Just 12 percent of businesses planned social media strategies beyond next year and just 34 percent say their companies have developed clear metrics to connect their social media activity to goals like profit growth, said the survey, by management consultancy Altimeter Group. Meanwhile only 52 percent of those surveyed agreed with the statement “Top executives are informed, engaged, and aligned with our social strategy.”

Even for deep-pocketed corporations, social-media spending remains quite light, according to Altimeter Group survey of around 700 corporate social strategists. Click to enlarge.

Chart: Altimeter Group

The general state of social-media affairs in corporate America was well summarized by Ford Chief Marketing Officer Jim Farley, who told Altimeter, “We’re in the awkward teenage years where we have a strategy but it’s not executed in the same way in all parts of the company.” This sort of flailing is reflected in depressed spending on social media activity in comparison with traditional media (see chart at right).
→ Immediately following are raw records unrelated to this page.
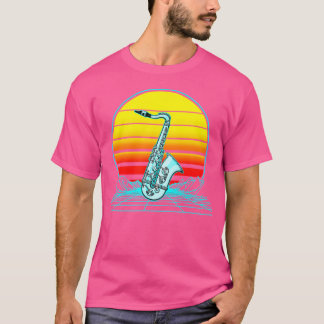 T-shirt Saxophone rétro Vintage Sunset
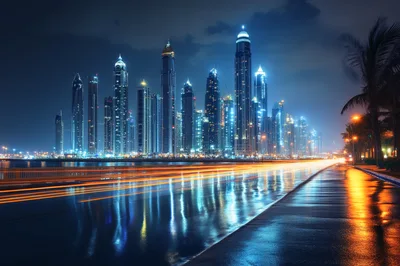 Dubai Marina Skyline Night Cityscape With Light Trails
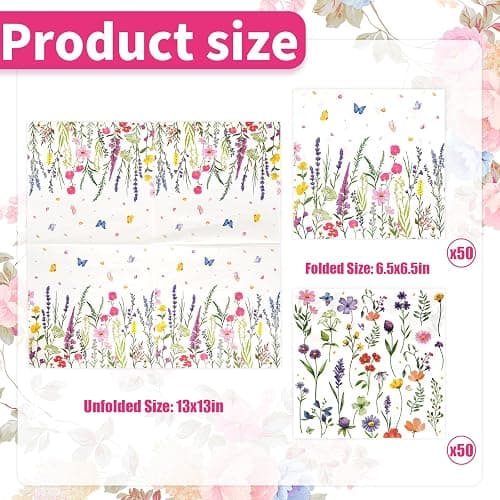 100Pcs Wildflower Napkins, Disposable Spring Floral Party Napkins, 2-Ply Guest Dinner Hand Napkin with Butterfly Flower for Spring Wedding Birthday Tea Bridal Dinner Parties & Home Use thumbnail 3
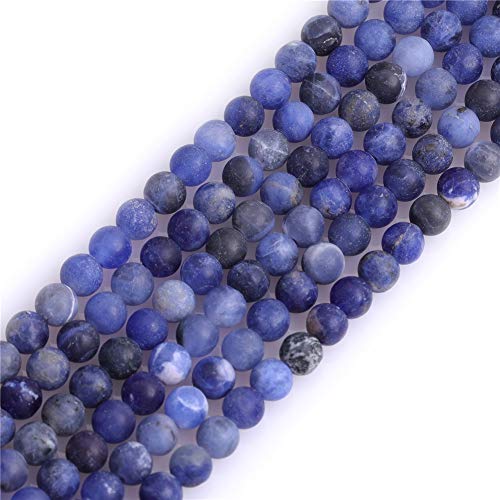 SHGbeads 4 mm Frost Matt Blue Lapis Lazuli Halbedelstein Runde Lose Perlen für Schmuckherstellung DIY Handarbeit Bastelbedarf 38,1 cm von GEM-INSIDE CREATE YOUR OWN FASHION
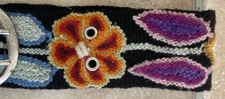 Jenny Krauss black wool belt vibrant floral embroidery, silver buckle;36  total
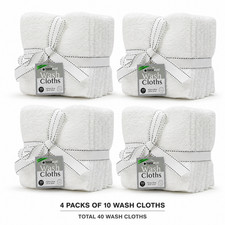 40 Pack Washcloths 100 Cotton 12x12 Soft Absorbent Bath Face Towels 4x10 Pack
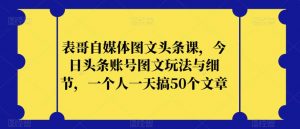 表哥自媒体图文头条课，今日头条账号图文玩法与细节，一个人一天搞50个文章-网创资源吧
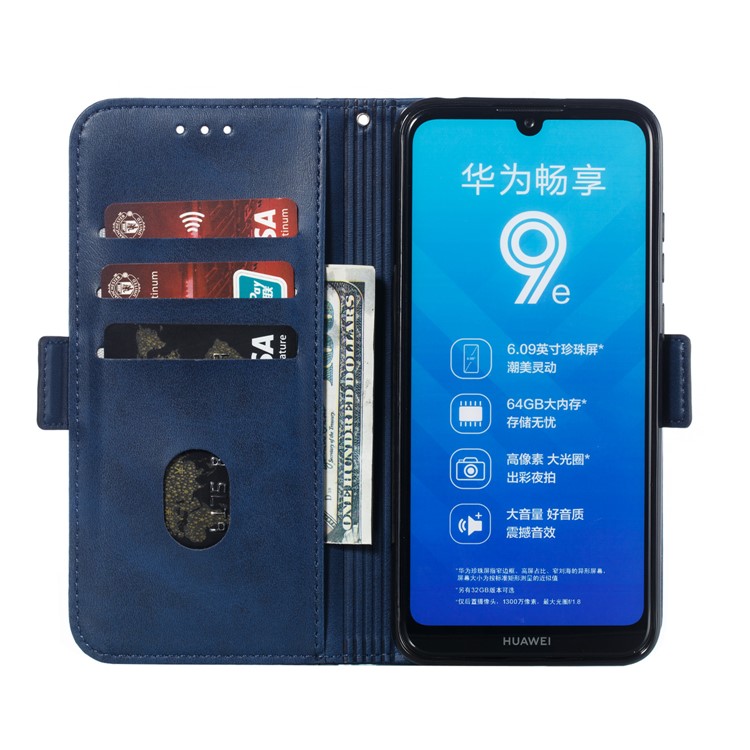 PU Leather Stand Wallet Case for Huawei Y6 (2019, with Fingerprint Sensor) / Y6 Prime (2019) - Dark Blue-8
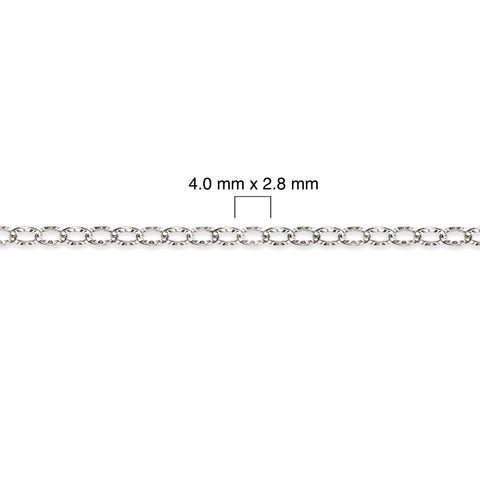 Diamond-cut sterling silver chain with dimensions labeled on a white background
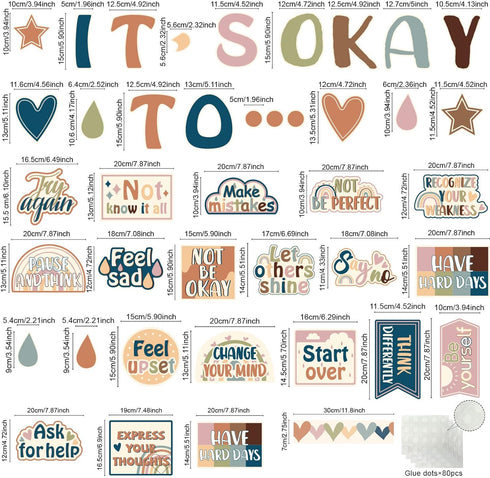 Mental Health Posters It's Okay to Boho Bulletin Board Set Therapy Offices Decor Inspirational Positive Affirmations Accents Psychology Wall Art for School Office Home Classroom Decoration Supply by ZOIIWA
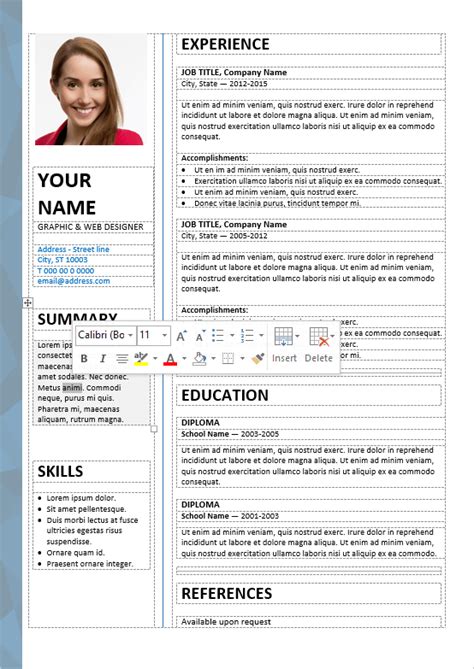 Curriculum Vitae In Tabular Form Example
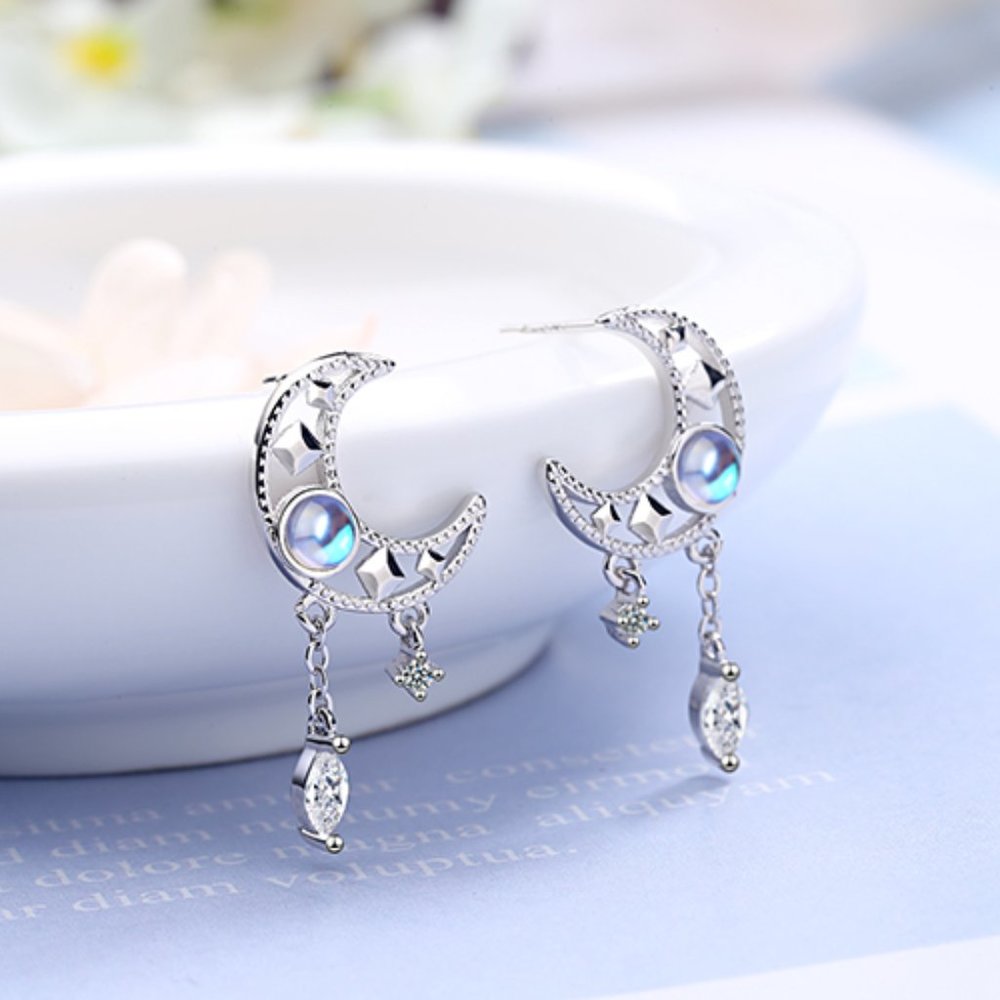 NEW Silver Hollow Moon Zircon Tassel Dangle Earrings - Picture 3 of 7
Altimeter is pushing a vision in which companies progress through six stages of “social business transformation,” from “planning” to “presence” to “engagement” to “formalized” to “strategic” to “converged,“ presumably engaging Altimeter’s services along the way.

Whether or not this six-step journey is precisely how companies will evolve, the long-term potential for social-media giants like Facebook and Twitter seems clear: Most businesses are only just starting to get to the point where they consider spending money on social advertisements, meaning there is still a lot of convincing to do -– and still a lot of potential revenue to be tapped.